In this work, the author proceeded in the same way as in his Plurality of inhabited worlds, he placed himself on the very ground of his adversaries. If he had drawn his arguments from theology, from Spiritism or from any spiritualist doctrine, he would have laid down premises that would have been rejected. This is why he takes that of the deniers, and demonstrates, by the very facts, that one arrives at an utterly opposed conclusion; he does not invoke new controversial arguments; he is not lost in the clouds of metaphysics, the subjective and the objective, in the quibbles of dialectics; he remains on the grounds of positivism; he fights the atheists with their own weapons; taking their arguments one by one, he destroys them with the help of the very science they invoke. He is not based on the opinions of men; his authority is nature and he shows God in everything and everywhere.

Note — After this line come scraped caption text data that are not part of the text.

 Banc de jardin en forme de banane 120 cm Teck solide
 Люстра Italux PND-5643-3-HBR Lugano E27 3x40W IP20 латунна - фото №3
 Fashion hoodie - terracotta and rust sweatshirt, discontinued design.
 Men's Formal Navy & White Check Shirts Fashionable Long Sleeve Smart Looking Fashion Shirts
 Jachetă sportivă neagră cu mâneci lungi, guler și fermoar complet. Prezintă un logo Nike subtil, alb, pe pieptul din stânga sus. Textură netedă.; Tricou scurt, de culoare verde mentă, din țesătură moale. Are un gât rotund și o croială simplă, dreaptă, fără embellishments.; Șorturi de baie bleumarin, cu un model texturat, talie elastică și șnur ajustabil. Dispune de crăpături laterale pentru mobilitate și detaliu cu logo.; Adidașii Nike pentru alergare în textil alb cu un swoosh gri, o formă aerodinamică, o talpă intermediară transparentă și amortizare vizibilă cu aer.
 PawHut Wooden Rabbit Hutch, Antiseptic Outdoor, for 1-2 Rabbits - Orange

Nature explained by science,” he says, “has shown it to us in a particular character. He is there, visible, like the intimate force of all things. No human poetry has appeared to us comparable to the natural truth, and the eternal verb has spoken to us more eloquently in the most modest works of nature, than man in his most pompous songs."

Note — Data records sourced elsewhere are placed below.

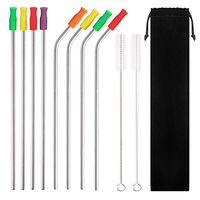 Tailbox Set of 8 (4 Straight + 4 Bent) FDA-Approved Stainless Steel Metal Straws Ultra Long 10.5 Inch Reusable Drinking Straws with 2 Cleaning Brushes for 30oz Tumblers Coffee Mug Smoothie Milkshake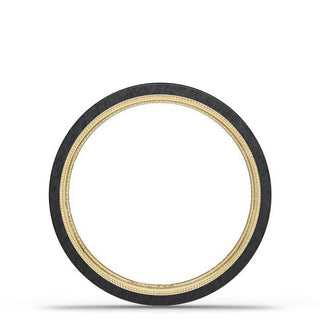 Titanium Two-Tone Flat Wedding Band - 4mm
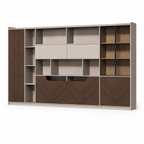 Modern Timber Storage Cabinet with Open Shelves and Glass Display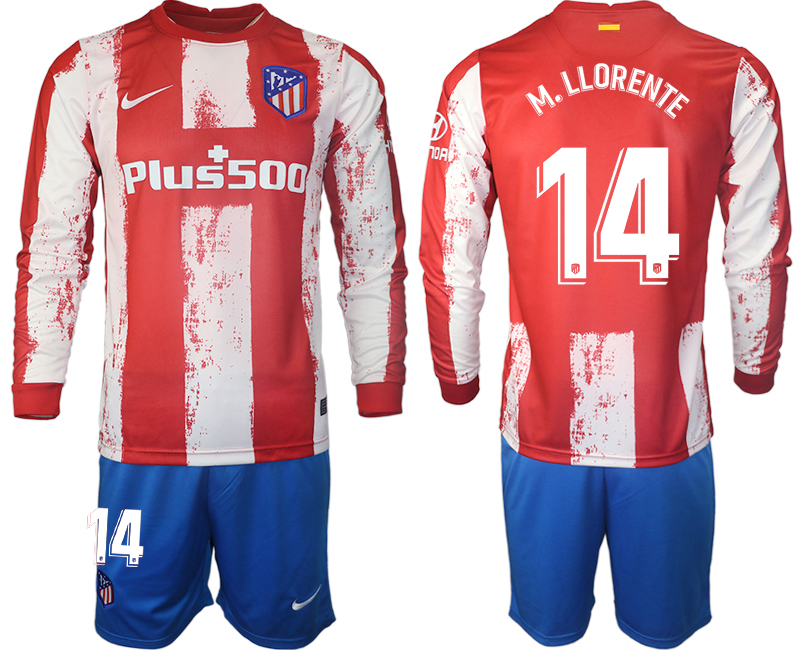 Men 2021-2022 Club Atletico Madrid home red Long Sleeve #14 Soccer Jersey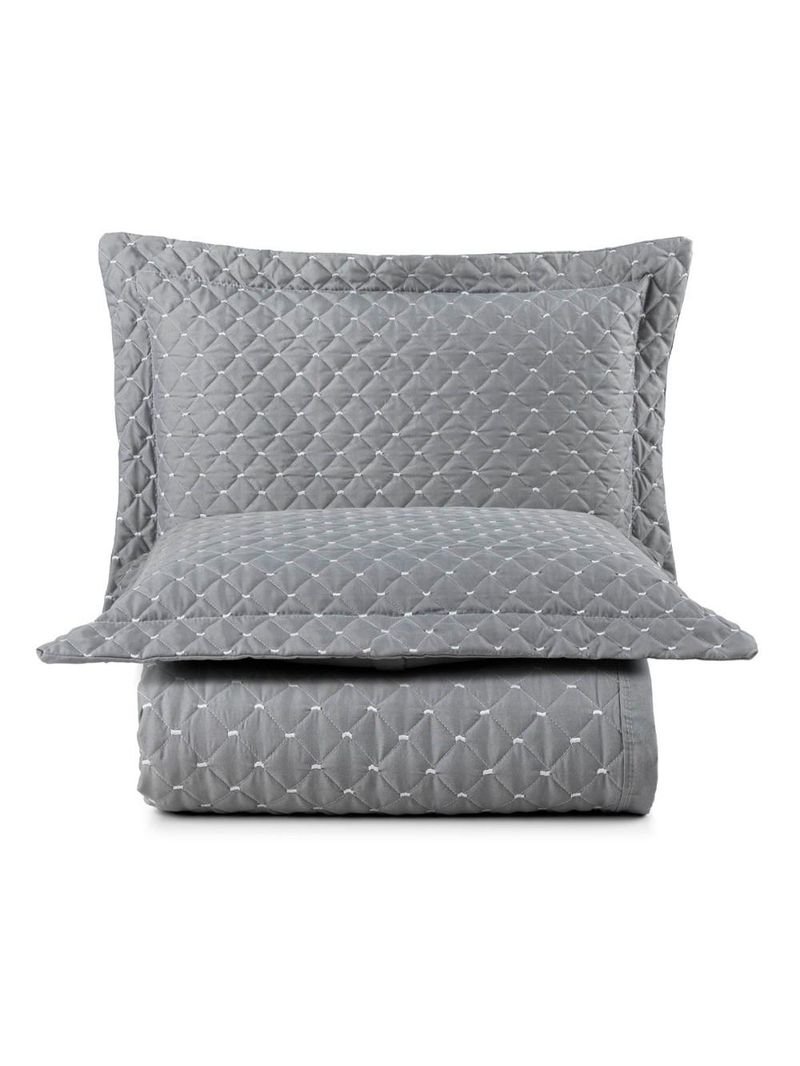 Kit cobre leito colcha vênus king dupla face micropercal 200 fios liso 3 peças - cinza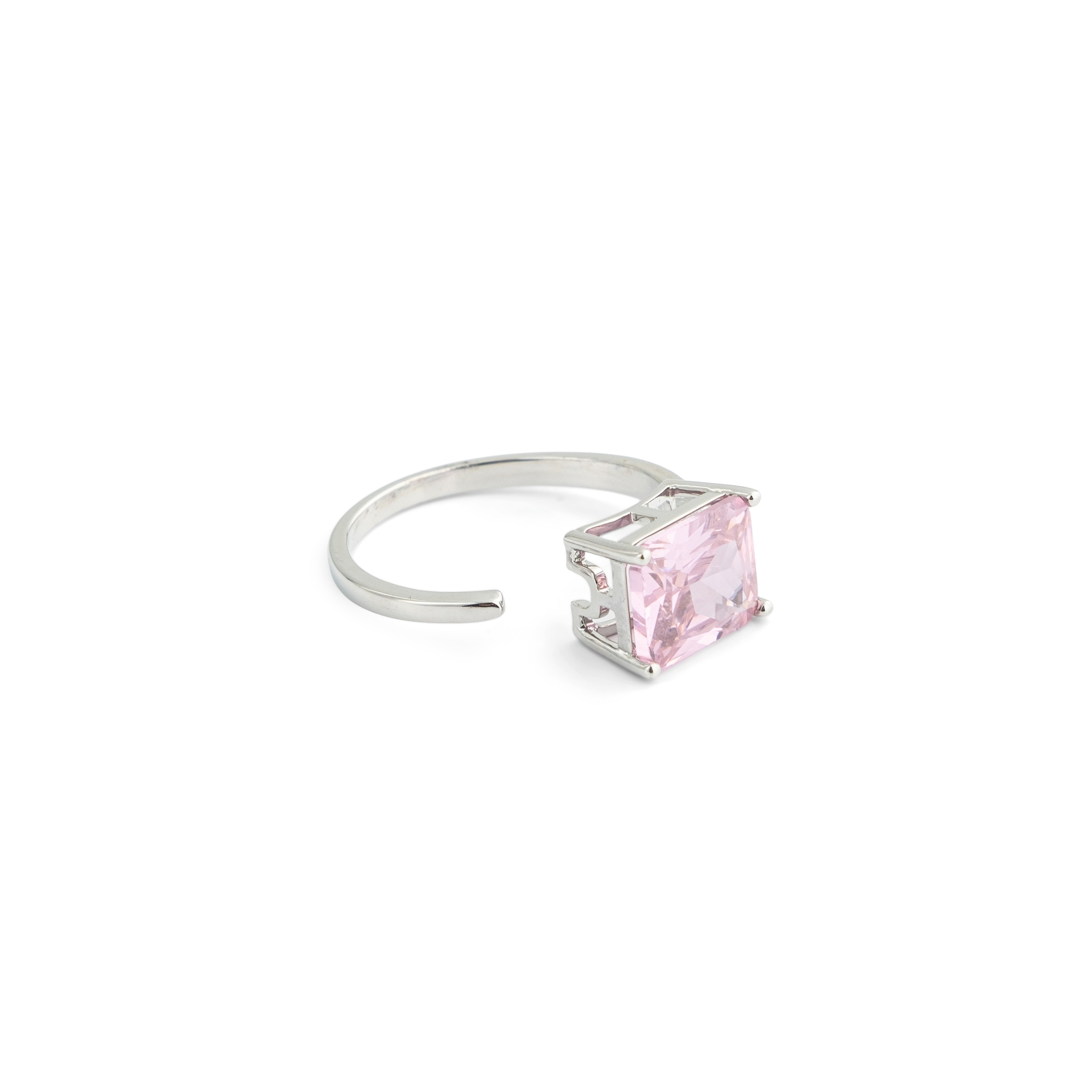 Silver ring with pink stone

We have stated the motives that led Mr. Flammarion to place himself outside Spiritism, and we can only approve it; if some people thought that it was out of antagonism to the doctrine, it would suffice, to disillusion them, to quote the following passage:



“We could add, to close the chapter on human personality, some thoughts on certain subjects of study that are still mysterious, but not insignificant. Natural somnambulism, magnetism, Spiritism, offer the serious experimenters, who know how to examine them scientifically, characteristic facts that would suffice to demonstrate the insufficiency of materialistic theories. It is sad, we admit, for the conscientious observer, to see shameless charlatanism slip its treacherous greed into causes that should be respected; it is sad to note that ninety-nine facts, out of a hundred, can be false or imitated; but a single well-established fact frustrates all denials. Now, which side do certain enlightened characters take before these facts? They simply deny them.

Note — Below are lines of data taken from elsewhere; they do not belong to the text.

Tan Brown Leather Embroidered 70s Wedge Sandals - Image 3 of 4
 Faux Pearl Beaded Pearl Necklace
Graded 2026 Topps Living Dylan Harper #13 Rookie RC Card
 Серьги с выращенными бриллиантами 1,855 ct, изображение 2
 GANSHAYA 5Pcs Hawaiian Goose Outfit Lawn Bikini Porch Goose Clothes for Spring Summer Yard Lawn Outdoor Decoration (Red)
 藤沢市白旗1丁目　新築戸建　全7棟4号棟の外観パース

"Science has no doubts," says M. Buchner in particular, "that all cases of so-called clairvoyance are the effects of juggling and collusion. Lucidity is, for natural reasons, an impossibility. It is in the laws of nature that the effects of the senses are limited to certain limits of space that they cannot cross. No one has the ability to guess thoughts or to see what is going on around them with their eyes closed. These truths are based on natural laws that are immutable and without exceptions."



“Hey! Mr. Judge, do you know them well, the natural laws? Happy man! Why don't you succumb to the excess of your science! But what? I turn two pages, and this is what I read:



“Somnambulism is a phenomenon of which unfortunately we have only very inaccurate observations, although it was to be desired that we had precise notions of it because of its importance to science. However, without having certain data (listen!), one can relegate among the fables all the marvelous facts that one tells about somnambulists. A sleepwalker is not given to climb walls, etc.



Ah! sir, how wisely you reason! and that you would have done well, before writing, to know a little what you think!"





An analytical report of the work would require developments that the lack of space precludes us, and would be, moreover, superfluous. It was enough for us to show the point of view where the author placed himself to understand its usefulness. To reconcile science with spiritualist ideas is to smooth out the ways of its alliance with Spiritism. The author speaks in the name of pure science and not of an imaginary or superficial science, and he does so with the authority given to him by his personal knowledge. His book is one of those that have a marked place in the Spiritist libraries, because it is a monograph of one of the constituent parts of the doctrine, in which the believer as well as the skeptical find education. More than once we will have the opportunity to come back to this.